Collected data

============================================================

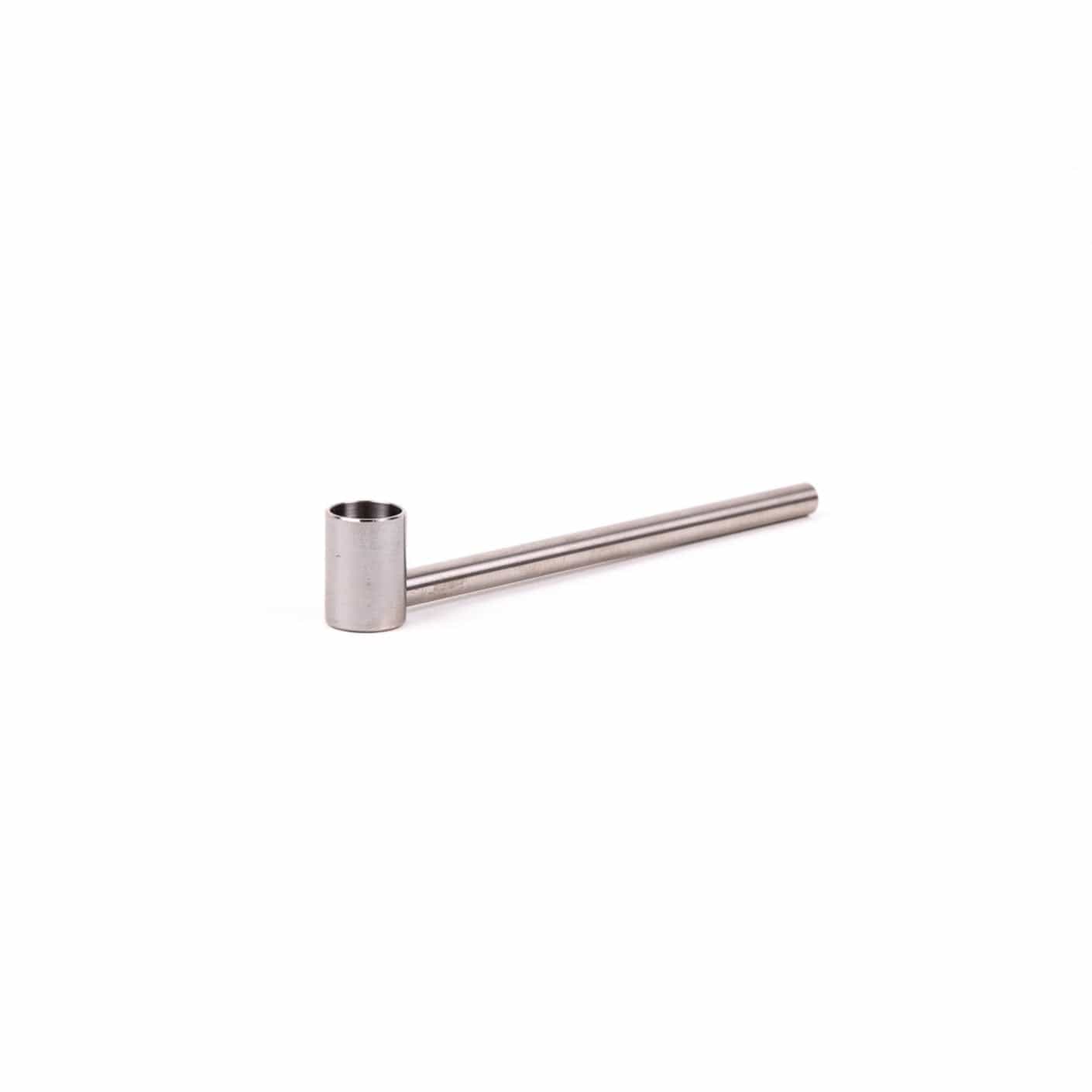 A side view of the Long Cobb Titanium Pipe, showcasing its sleek, metallic construction against a plain white background.
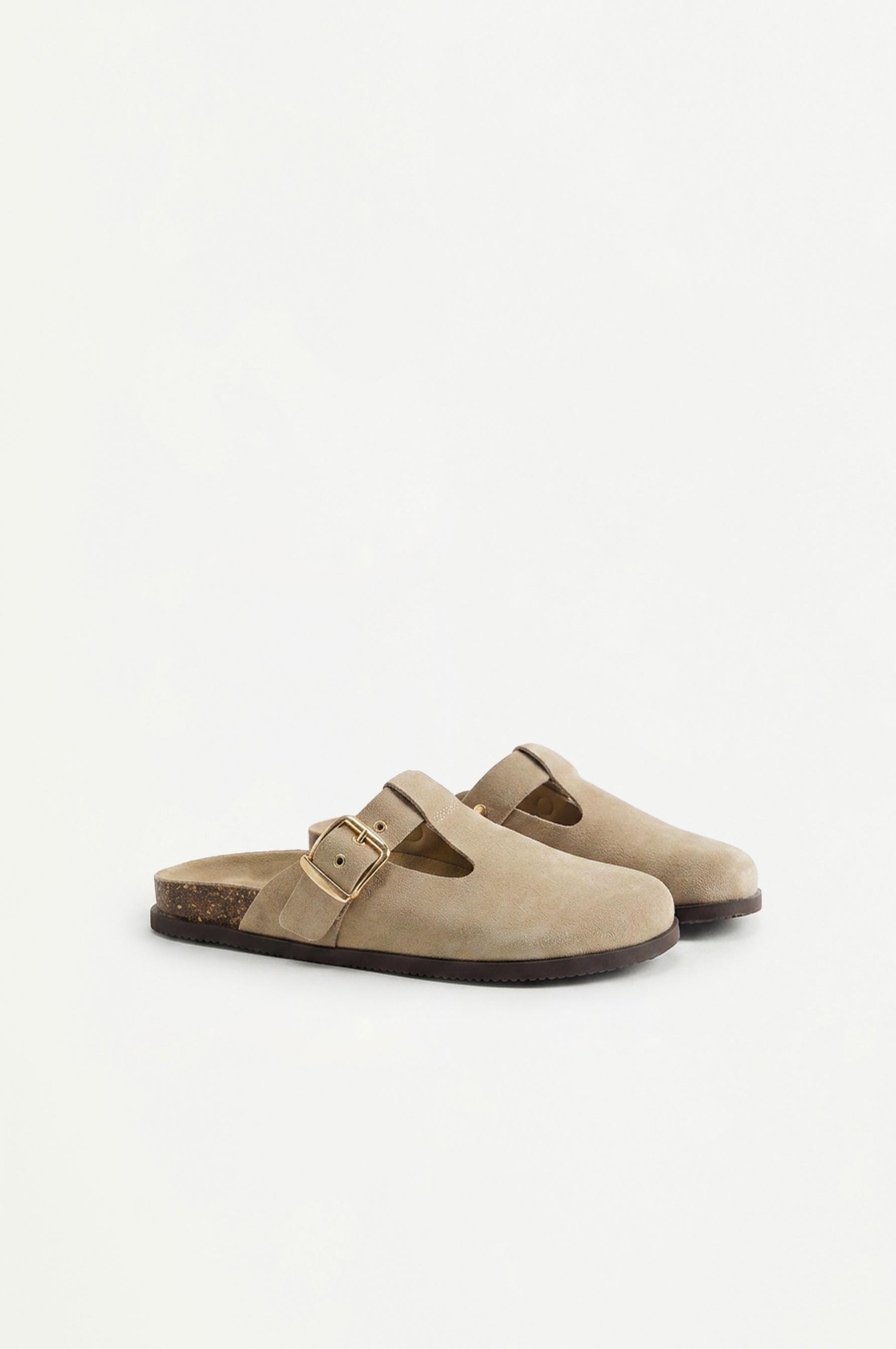 Faux suede clogs — LEATHER
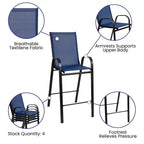 Flash Furniture Outdoor Dining Set - 4-Person Bistro Set - Outdoor Glass Bar Table with All-Weather Patio Stools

============================================================

Exercise details
Repeat the listing above word for word and leave its images out.

Task answer
 A side view of the Long Cobb Titanium Pipe, showcasing its sleek, metallic construction against a plain white background.
 Faux suede clogs — LEATHER
 Flash Furniture Outdoor Dining Set - 4-Person Bistro Set - Outdoor Glass Bar Table with All-Weather Patio Stools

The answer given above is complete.